*** Block opens ***
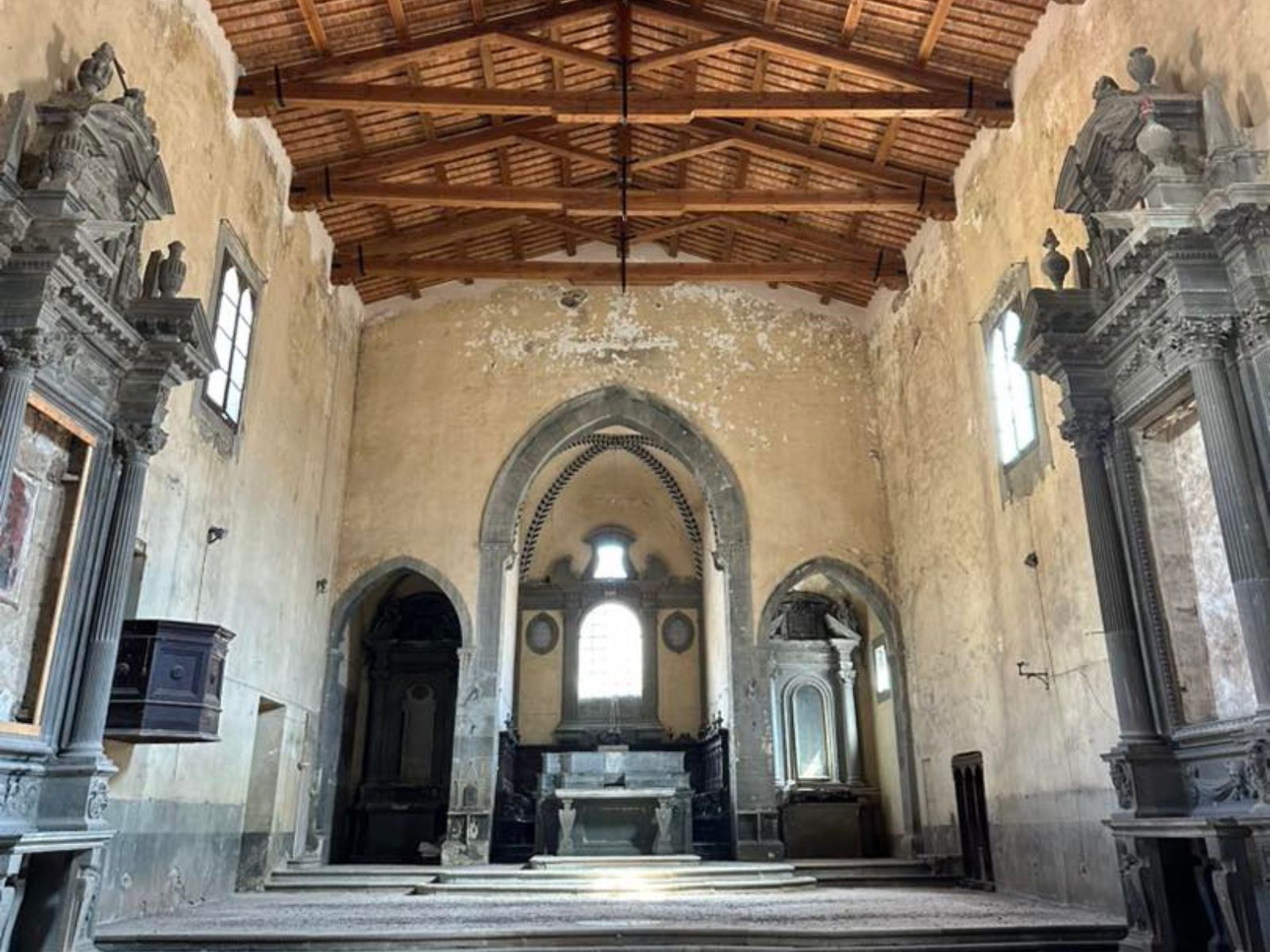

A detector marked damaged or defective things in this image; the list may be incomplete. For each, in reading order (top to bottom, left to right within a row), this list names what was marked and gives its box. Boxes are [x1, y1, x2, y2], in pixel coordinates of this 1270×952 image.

peeling plaster wall [2, 0, 360, 929]
peeling plaster wall [868, 0, 1270, 919]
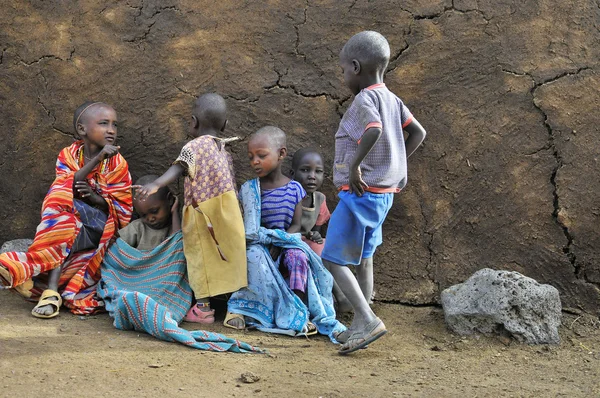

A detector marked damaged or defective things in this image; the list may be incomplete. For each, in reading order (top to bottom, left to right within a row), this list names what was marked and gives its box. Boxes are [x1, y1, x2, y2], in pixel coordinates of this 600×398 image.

cracked mud wall [0, 0, 596, 310]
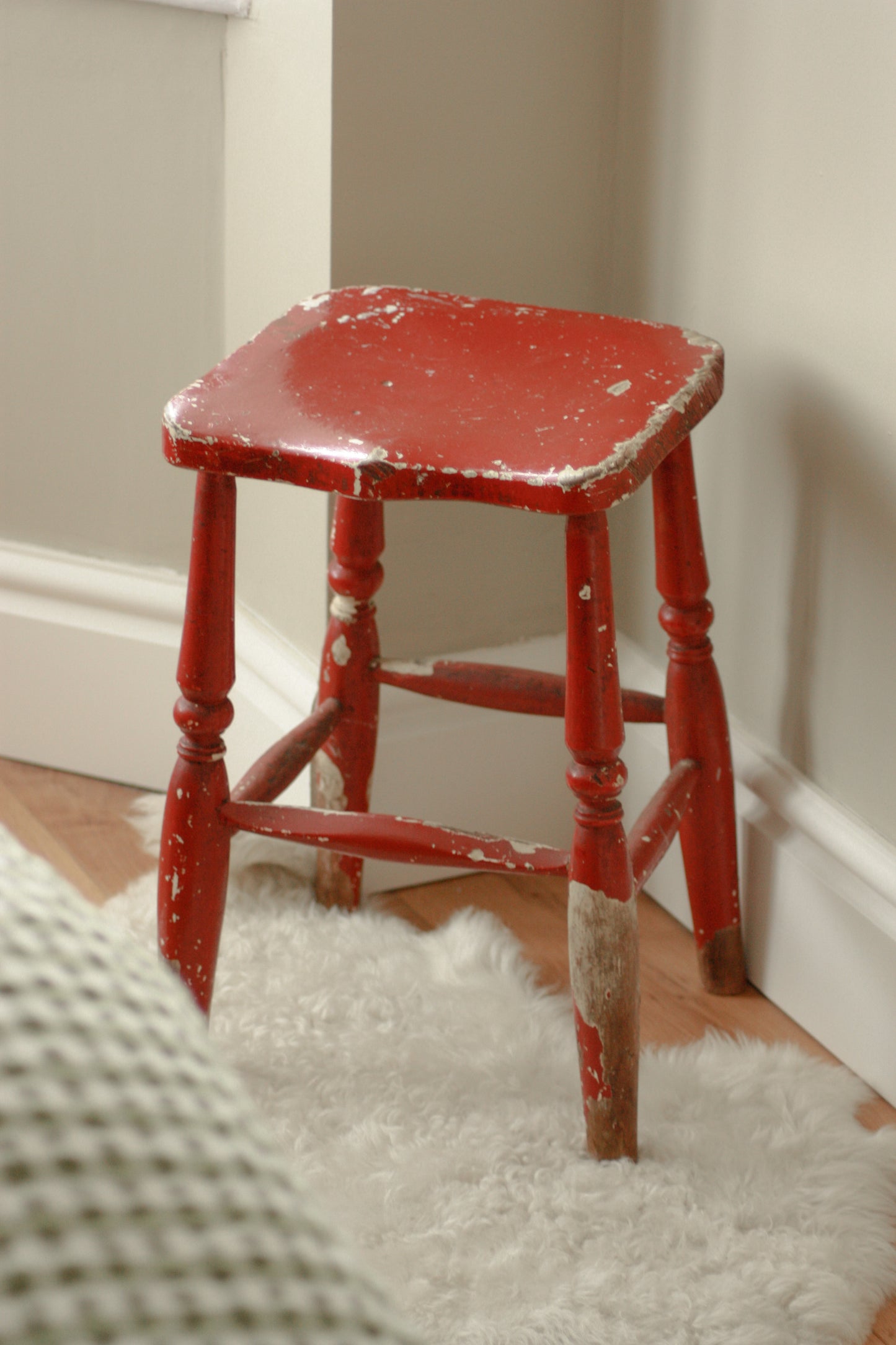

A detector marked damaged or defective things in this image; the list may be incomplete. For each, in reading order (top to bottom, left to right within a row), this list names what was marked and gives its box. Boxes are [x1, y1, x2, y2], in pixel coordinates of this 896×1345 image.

chipped red paint [163, 286, 720, 511]
chipped red paint [157, 292, 747, 1156]
chipped red paint [572, 1000, 612, 1102]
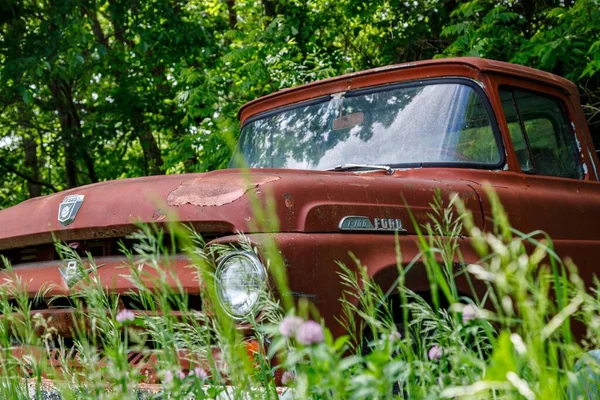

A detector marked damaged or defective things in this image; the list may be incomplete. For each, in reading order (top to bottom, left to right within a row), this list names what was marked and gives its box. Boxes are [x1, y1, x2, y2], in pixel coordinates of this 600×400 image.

peeling paint [165, 175, 280, 206]
rust patch on hood [166, 174, 282, 206]
rusty red pickup truck [1, 57, 600, 376]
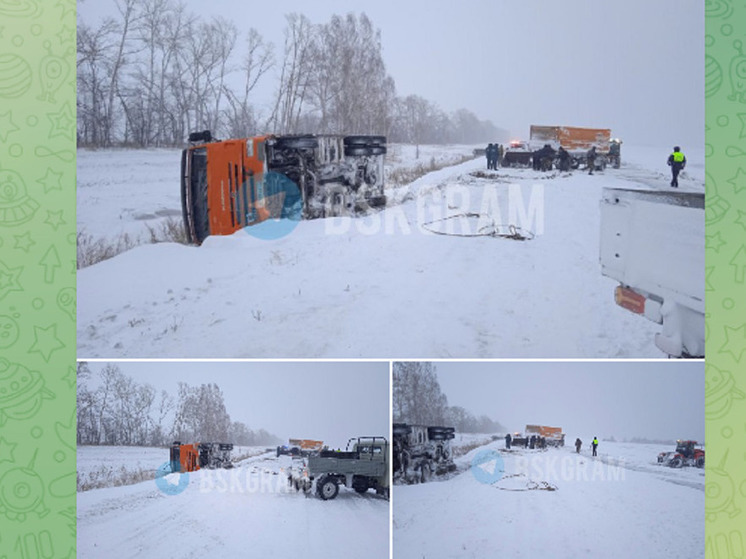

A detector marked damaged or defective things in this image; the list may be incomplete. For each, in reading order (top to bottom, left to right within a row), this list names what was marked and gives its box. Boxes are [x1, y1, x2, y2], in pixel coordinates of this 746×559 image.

overturned orange truck [181, 132, 386, 246]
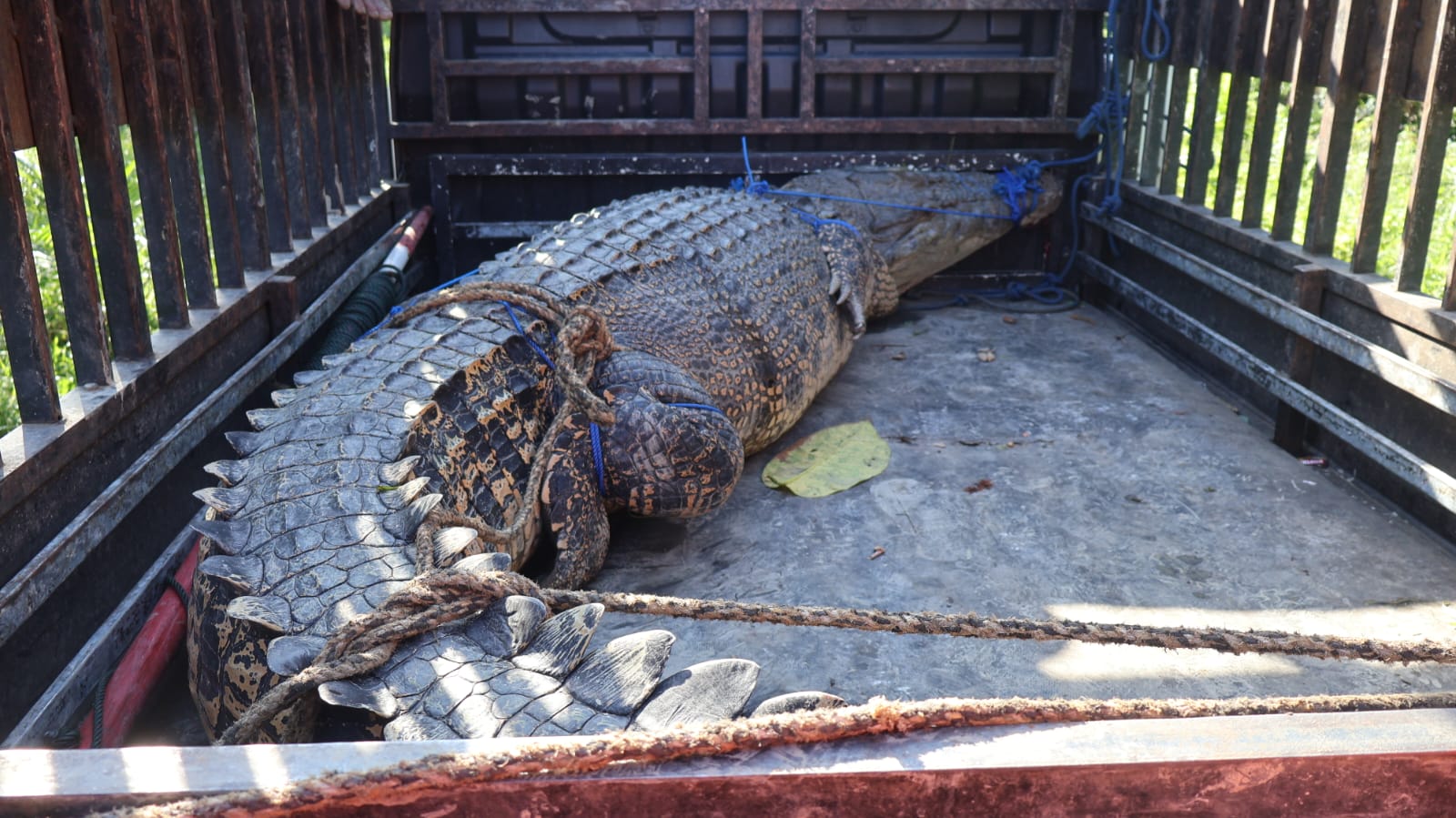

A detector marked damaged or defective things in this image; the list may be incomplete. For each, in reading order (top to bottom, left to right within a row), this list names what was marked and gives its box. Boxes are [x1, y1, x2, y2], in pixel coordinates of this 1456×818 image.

rusted metal frame [0, 118, 62, 421]
rusted metal frame [10, 0, 111, 384]
rusted metal frame [50, 0, 151, 359]
rusted metal frame [109, 0, 189, 327]
rusted metal frame [146, 0, 217, 308]
rusted metal frame [0, 209, 413, 649]
rusty metal edge [0, 188, 416, 649]
rusted metal frame [176, 0, 244, 289]
rusted metal frame [211, 0, 273, 270]
rusted metal frame [241, 0, 295, 251]
rusted metal frame [273, 1, 321, 238]
rusted metal frame [285, 0, 329, 227]
rusted metal frame [302, 0, 345, 214]
rusted metal frame [328, 0, 360, 200]
rusted metal frame [349, 14, 379, 188]
rusted metal frame [372, 19, 396, 183]
rusted metal frame [425, 0, 445, 125]
rusted metal frame [695, 7, 713, 123]
rusted metal frame [389, 116, 1083, 136]
rusted metal frame [1054, 8, 1077, 116]
rusted metal frame [1153, 0, 1199, 193]
rusted metal frame [1176, 0, 1223, 207]
rusted metal frame [1211, 0, 1269, 217]
rusted metal frame [1083, 250, 1456, 515]
rusted metal frame [1246, 0, 1304, 227]
rusted metal frame [1095, 207, 1456, 413]
rusted metal frame [1275, 0, 1333, 239]
rusted metal frame [1275, 261, 1333, 448]
rusted metal frame [1304, 0, 1369, 254]
rusted metal frame [1350, 0, 1421, 273]
rusted metal frame [1391, 0, 1450, 295]
rusted metal frame [2, 515, 199, 745]
rusty metal edge [0, 704, 1450, 803]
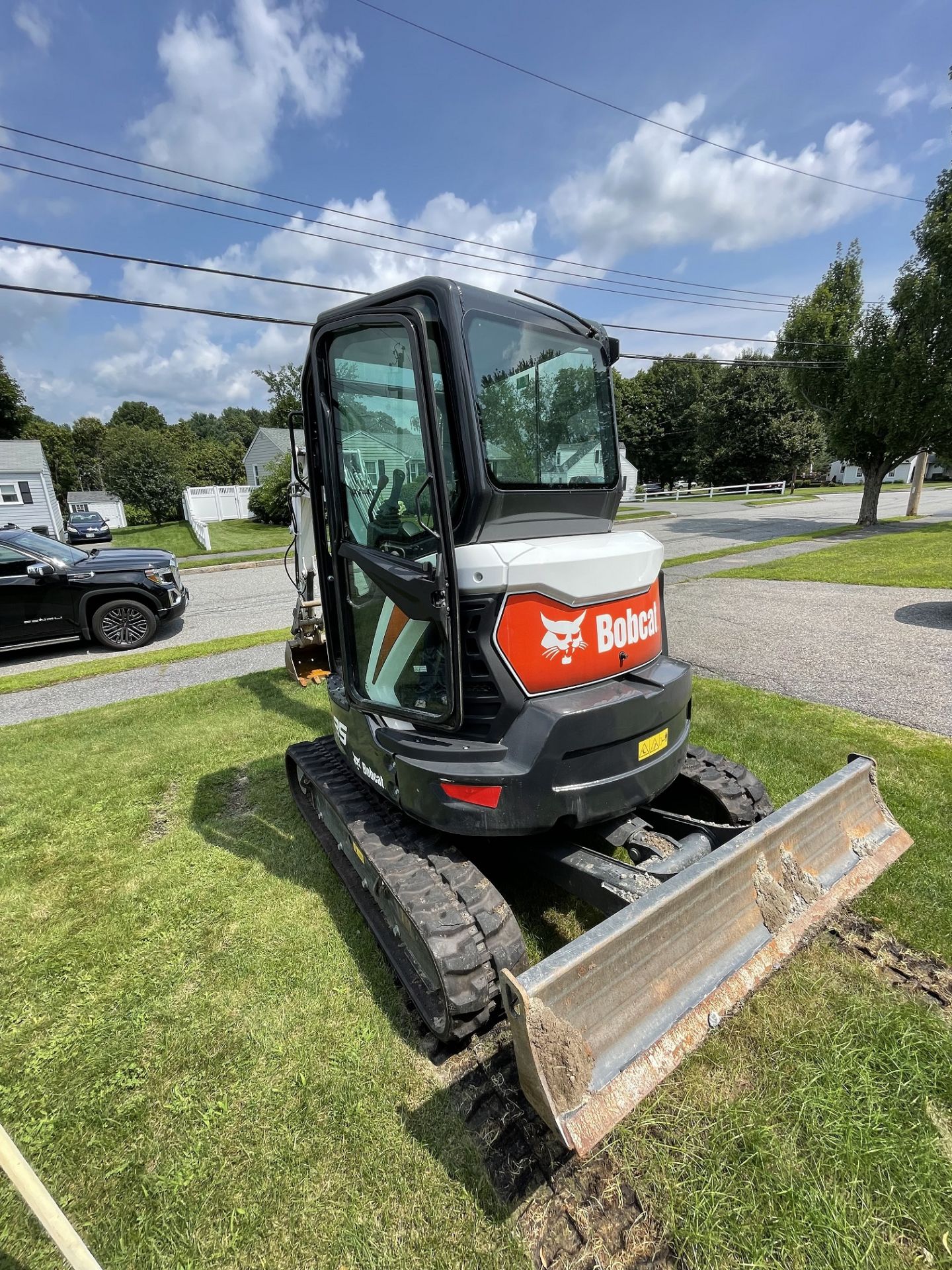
*** Block closes ***
- **Work instructions**: With the pictures left out, please output each line from the one containing "this 1456×818 image." through the end of the entries, exactly as it is.

- **Result of this exercise**:
A detector marked damaged or defective things in this image; the list may be incomplete. For each, in reading order (top to bottom, left to right within a row), this list names what was marked and gives its box. Boxes are [x1, y1, x2, y2], in pixel coordinates of this 1456×818 image.

rusted metal frame [0, 118, 62, 421]
rusted metal frame [10, 0, 111, 384]
rusted metal frame [50, 0, 151, 359]
rusted metal frame [109, 0, 189, 327]
rusted metal frame [146, 0, 217, 308]
rusted metal frame [0, 209, 413, 649]
rusty metal edge [0, 188, 416, 649]
rusted metal frame [176, 0, 244, 289]
rusted metal frame [211, 0, 273, 270]
rusted metal frame [241, 0, 295, 251]
rusted metal frame [273, 1, 321, 238]
rusted metal frame [285, 0, 329, 227]
rusted metal frame [302, 0, 345, 214]
rusted metal frame [328, 0, 360, 200]
rusted metal frame [349, 14, 379, 188]
rusted metal frame [372, 19, 396, 183]
rusted metal frame [425, 0, 445, 125]
rusted metal frame [695, 7, 713, 123]
rusted metal frame [389, 116, 1083, 136]
rusted metal frame [1054, 8, 1077, 116]
rusted metal frame [1153, 0, 1199, 193]
rusted metal frame [1176, 0, 1223, 207]
rusted metal frame [1211, 0, 1269, 217]
rusted metal frame [1083, 250, 1456, 515]
rusted metal frame [1246, 0, 1304, 227]
rusted metal frame [1095, 207, 1456, 413]
rusted metal frame [1275, 0, 1333, 239]
rusted metal frame [1275, 261, 1333, 448]
rusted metal frame [1304, 0, 1369, 254]
rusted metal frame [1350, 0, 1421, 273]
rusted metal frame [1391, 0, 1450, 295]
rusted metal frame [2, 515, 199, 745]
rusty metal edge [0, 704, 1450, 803]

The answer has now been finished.